The Most Dismissed Ace in Baseball

As many of you may have noticed there has been a wealth of elite pitching talent in the league this year. Many wonderful starters are having seasons that will go down as historic. Only 3 qualified pitchers have had a higher strikeout per 9 higher than Yu Darvish is currently having this year(11.96). Max Scherzer has a sparkling 18-1 record. Felix is building upon his Hall of Fame career, with personal bests in strikeout percentage and walk percentage. Clayton Kershaw’s 1.80 ERA is the lowest by any starting pitcher since Pedro Martinez in 2000. Jose Fernandez is dominating like no pitcher his age since Doc Gooden’s heyday. Many others, including Chris Sale, Matt Harvey, Hiroki Kuroda, and Anibal Sanchez are having marvelous seasons. All together 8 qualified starters have an ERA+ of at least 150, tied for the 4th most of any season in history. In Arizona there is a man on that list that I am not sure many people are talking about, Patrick Corbin.

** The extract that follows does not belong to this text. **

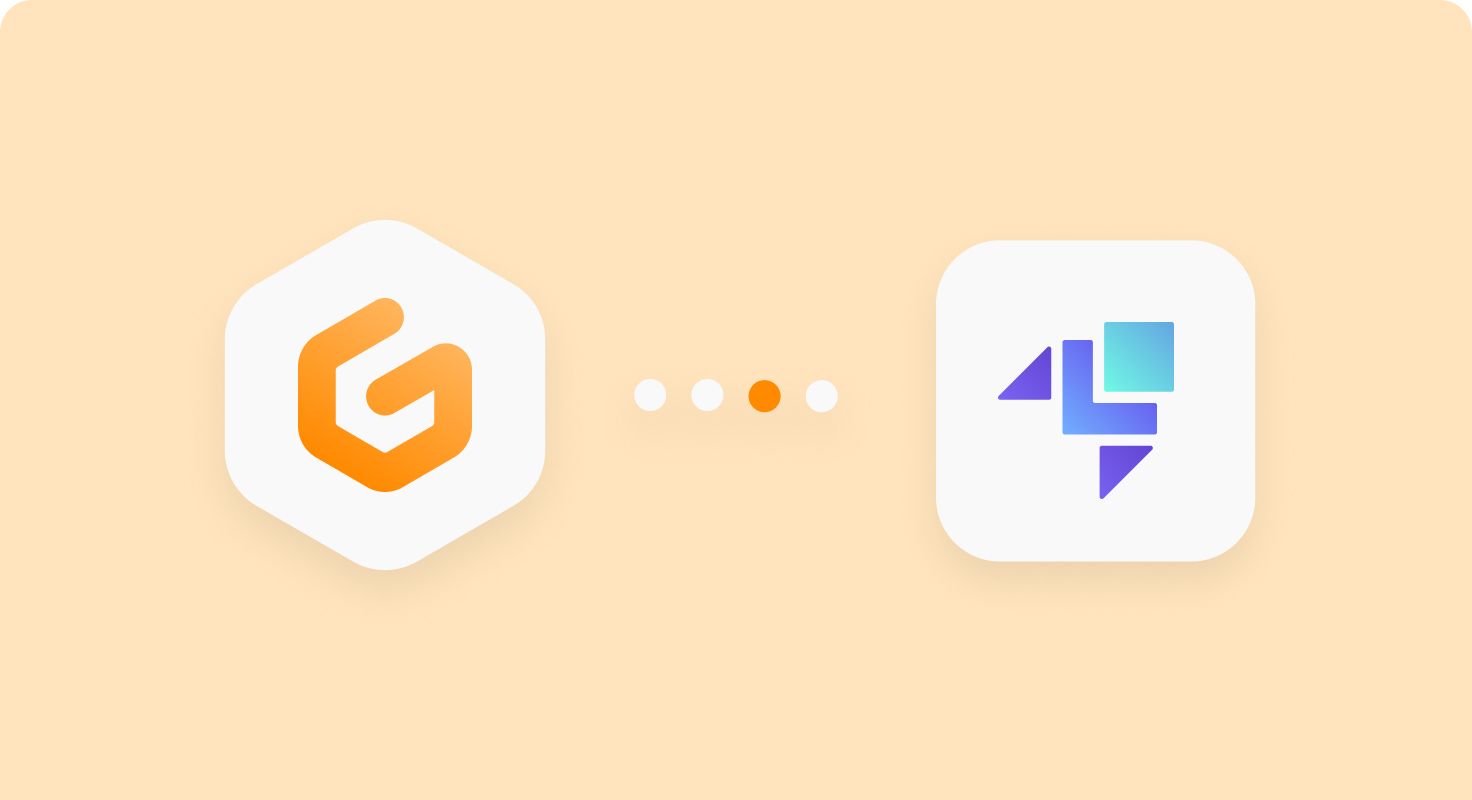 LocalStack x Gitpod - Run cloud applications with LocalStack and Gitpod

As I write this I am watching the Diamondbacks celebrating a victory over one of the best offenses in baseball, the Cincinnati Reds. Patrick Corbin started this game, and ended up with a complete game, allowing 2 runs with 10 strikeouts and no walks. It is only the 3rd time in the past 3 calender years that a pitcher has had double digit K’s against Cincinnati and not allowed a walk, Zack Greinke and Chris Carpenter being the other two. That is pretty good company to be in. This outing lowered his full season ERA to 2.45, all the while pitching his home games in the bandbox that is Chase Field. He has not been getting extremely lucky either. His FIP is now 3.08, the 7th lowest number in the National League. His walk rate has been kept at a well below average 2.19 per nine, while he is only allowing 0.61 home runs per 9.

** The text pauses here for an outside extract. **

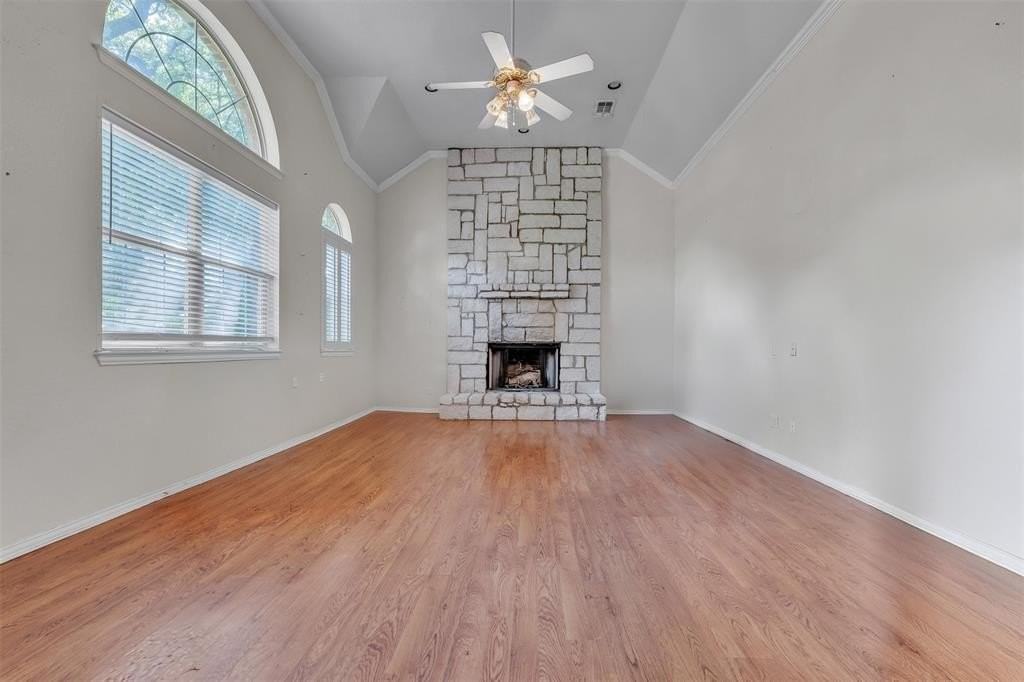 1409 Jackson Rd - Photo 4 of 38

Corbin has specialized in attacking the zone this year. He has thrown a first pitch strike to 70% of the batters he has faced this year, the highest percentage in the National League. This has allowed him to reduce the number of pitches he throws in an an-bat. He currently only uses 3.60 pitches per plate appearances, placing him 13th in baseball. Since he has been so efficient, as well as productive, he has been able to complete 6 innings in all but 1 of his 25 starts this year. There are obvious flaws in his game that many will say keep from being anything more than an above average starter. He doesn’t strikeout a large number of batters, only 7.83 per 9 this year. Also he is not among the elite at keeping the ball on the ground, at 46.7% compared to a league average of 44.6%. However, there is no denying that he has been able to assuage these flaws, and been among the most valuable pitchers baseball in 2013. At only 23 years old he is well ahead of the curve. As long as he keeps getting ahead of batters, and keeps throwing a two-seamer that PITCHf/x says has been the most valuable in baseball, then he will be a very good pitcher for a very long time.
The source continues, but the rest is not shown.